Reproduce the records below in full and exactly, without their images.
*** Data provided Section Begins ***
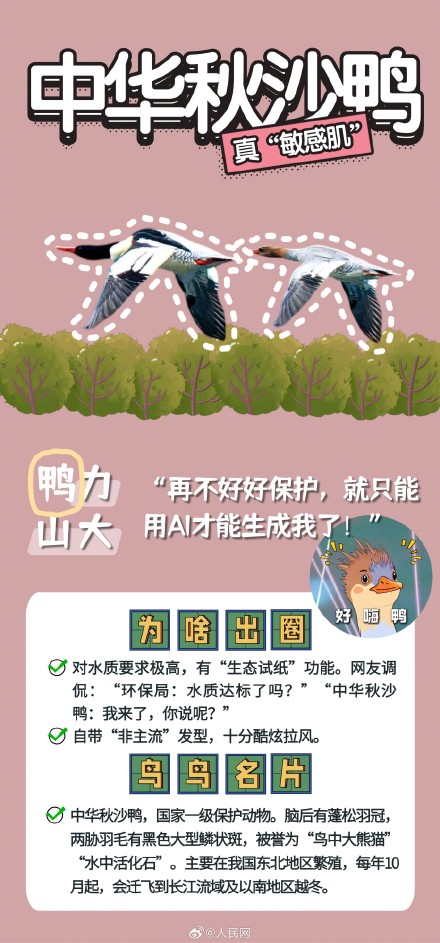 可可爱爱!野生鸟类竟是隐藏梗王 可可爱爱!野生鸟类竟是隐藏梗王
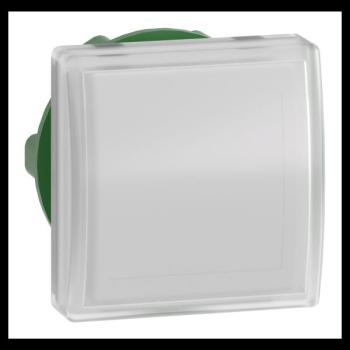  TETE VOYANT LUMINEUX 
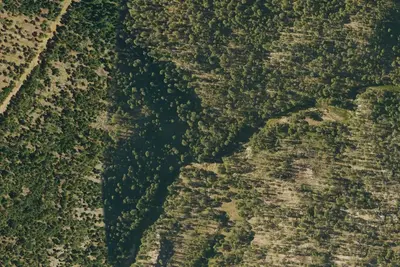 Camp site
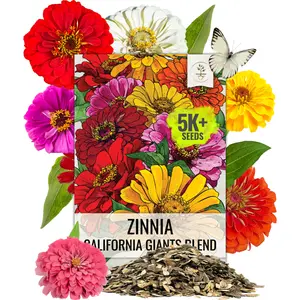 Zinnia Seeds for Planting a Colorful Garden Filled with Annual Cut Flowers - Heirloom & Open Pollinated Wildflowers to Attract Pollinators to a Butterfly Garden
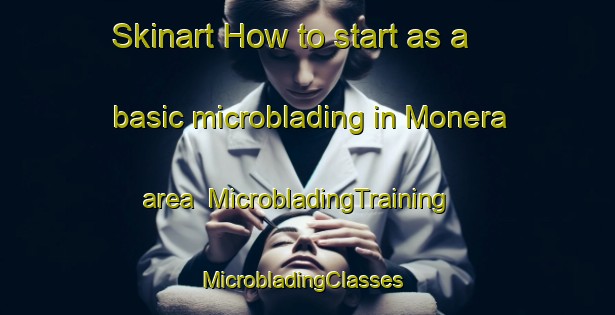 Skinart How to start as a basic microblading in Monera area | MicrobladingTraining | MicrobladingClasses | SkinartTraining-Brazil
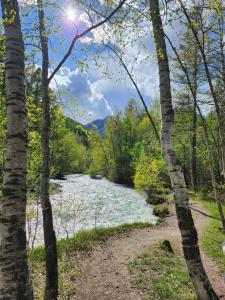 Príroda v okolí apartmánu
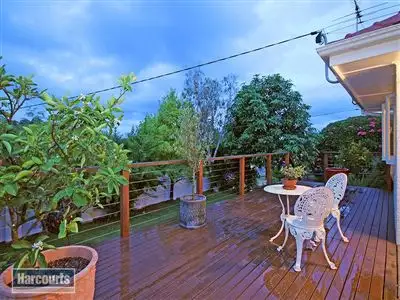 Second view of Homely house listing, 19 Sapphire Street, Holland Park QLD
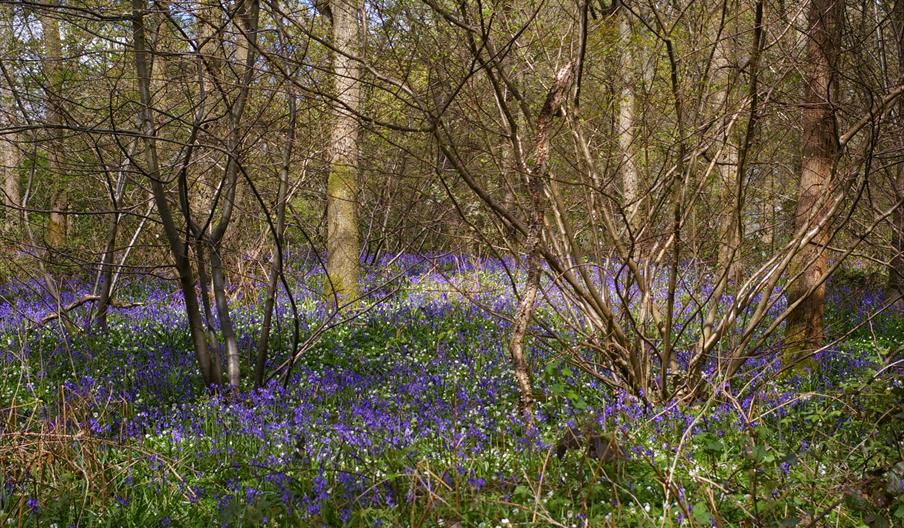 Abbots woods with Bluebells
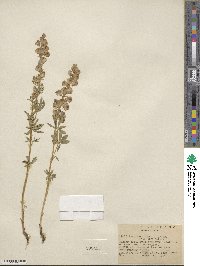 Lupinus argenteus var. fulvomaculatus image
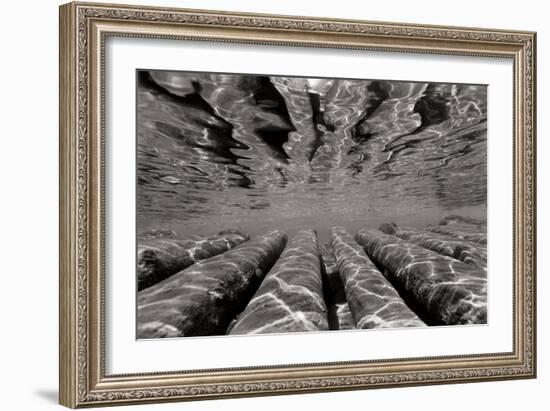 Pier Pilings 3-Lee Peterson-Framed Photographic Print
*** Data provided Section Ends ***
__Expected answer__.
 可可爱爱!野生鸟类竟是隐藏梗王 可可爱爱!野生鸟类竟是隐藏梗王
  TETE VOYANT LUMINEUX 
 Camp site
 Zinnia Seeds for Planting a Colorful Garden Filled with Annual Cut Flowers - Heirloom & Open Pollinated Wildflowers to Attract Pollinators to a Butterfly Garden
 Skinart How to start as a basic microblading in Monera area | MicrobladingTraining | MicrobladingClasses | SkinartTraining-Brazil
 Príroda v okolí apartmánu
 Second view of Homely house listing, 19 Sapphire Street, Holland Park QLD
 Abbots woods with Bluebells
 Lupinus argenteus var. fulvomaculatus image
 Pier Pilings 3-Lee Peterson-Framed Photographic Print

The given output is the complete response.